EmrEtlRunner not loading data into RedShift

@opethian, do you get any shredded data at all? If no shredded data produced there’s nothing to load to Redshift.

Yes I’m seeing the shredded data.

Staging_Stream_Enrich Step

  • S3 bucket snowplow-stream-enriched has data

  • S3 bucket snowplow-stream-enriched bucket has data

  • Shredding Step

    • S3 bucket snowplow-emr-shredded-good has data in run=2019-06-24-16-45-20/atomic-events.

    • S3 bucket snowplow-emr-shredded-good has data in run=2019-06-24-16-45-20/shredded_types.

    • S3 bucket snowplow-emr-shredded-bad has data in run=2019-06-24-16-45-20/part-00000-REDACATED.txt file that is empty.

    • S3 bucket snowplow-emr-shredded-bad has _SUCCESS file that is empty.

  • RDB_Load

    • RDB Loader runs successfully with this message. “RDB Loader successfully completed following steps: [Discover]”
  • Archive Enriched

    • S3 bucket snowplow-emr-enriched-archive has data in run=2019-06-24-16-45-20.
  • Archive Shredded

    • S3 bucket snowplow-emr-shredded-archive has data in run=2019-06-24-16-45-20/atomic-events.

@opethian, I cannot see anything wrong. The only thing I spotted is the schema for the target configuration. Is your schema really snowplow.events and not just snowplow?

@opethian,

Is Redshift able to read data from your S3 bucket (role/credentials)?

@ihor Good catch. My schema isn’t snowplow.events just snowplow, however I still don’t see any loading of data into RedShift.

As @grzegorzewa asked if RedShift has the proper roles/credentials to read from S3. I’m currently setting up and running everything as AdminAdministrator, which is really bad, until I get everything in Snowplow setup.

My next question is where would I look for errors from AWS when there is a lack of credentials or roles?

@opethian I am running into the same problem you are… Were you able to figure out the solution?

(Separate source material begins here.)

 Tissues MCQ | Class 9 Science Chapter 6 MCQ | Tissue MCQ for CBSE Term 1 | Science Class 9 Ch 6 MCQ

It seems like the issue might be that the shredded events are empty. and in the docs it says the loader will only pick up non empty shredded events… I don’t know why they are empty though.

@darussian No I’m still experiencing the same problem. Where the RDB Loader successfully completed following steps: [Discover] but no data is transported into RedShift.

I have gone down the road of permissions, which I think is a possibility to complete bafflement.

@ihor based on the schema you mentioned, I created events table in redshift under schema “atomic”.
So I should input “atomic.events” in the redshift.json?

thanks!

@AllenWeieiei, no, it is always events table for core Snowplow data. Thus, the target configuration file has schema property for the schema name. In your case, it will be just “atomic”.

Hi, @ihor

I think I am facing some similar issue like this. Without redshift.json, everything looks good. I got files in shred bucket and the runner completed successfully.

After adding the redshift.json and change the command, looks like the files in S3 Loader bucket were shredded good (I can find them in S3 shred bucket under good folder, and all subfolders are created successfully). But the RDB Loader is not working properly. I got error as following: packet_write_wait: Connection to 18.205.53.235 port 2225: Broken pipe

I will lose SSH connection to the server after running the runner for sometime. Do you have any advice?

Thanks!

@ihor
looks like it was fixed after adding server alive interval.

I got a new error:
F, [2019-10-25T18:32:00.513819 #12727] FATAL – :

Snowplow::EmrEtlRunner::EmrExecutionError (EMR jobflow j-31G1GGSLCYVQY failed, check Amazon EMR console and Hadoop logs for details (help: https://github.com/snowplow/snowplow/wiki/Troubleshooting-jobs-on-Elastic-MapReduce). Data files not archived.
j-31G1GGSLCYVQY: TERMINATING [STEP_FAILURE] ~ elapsed time n/a [2019-10-25 18:19:06 +0000 - ]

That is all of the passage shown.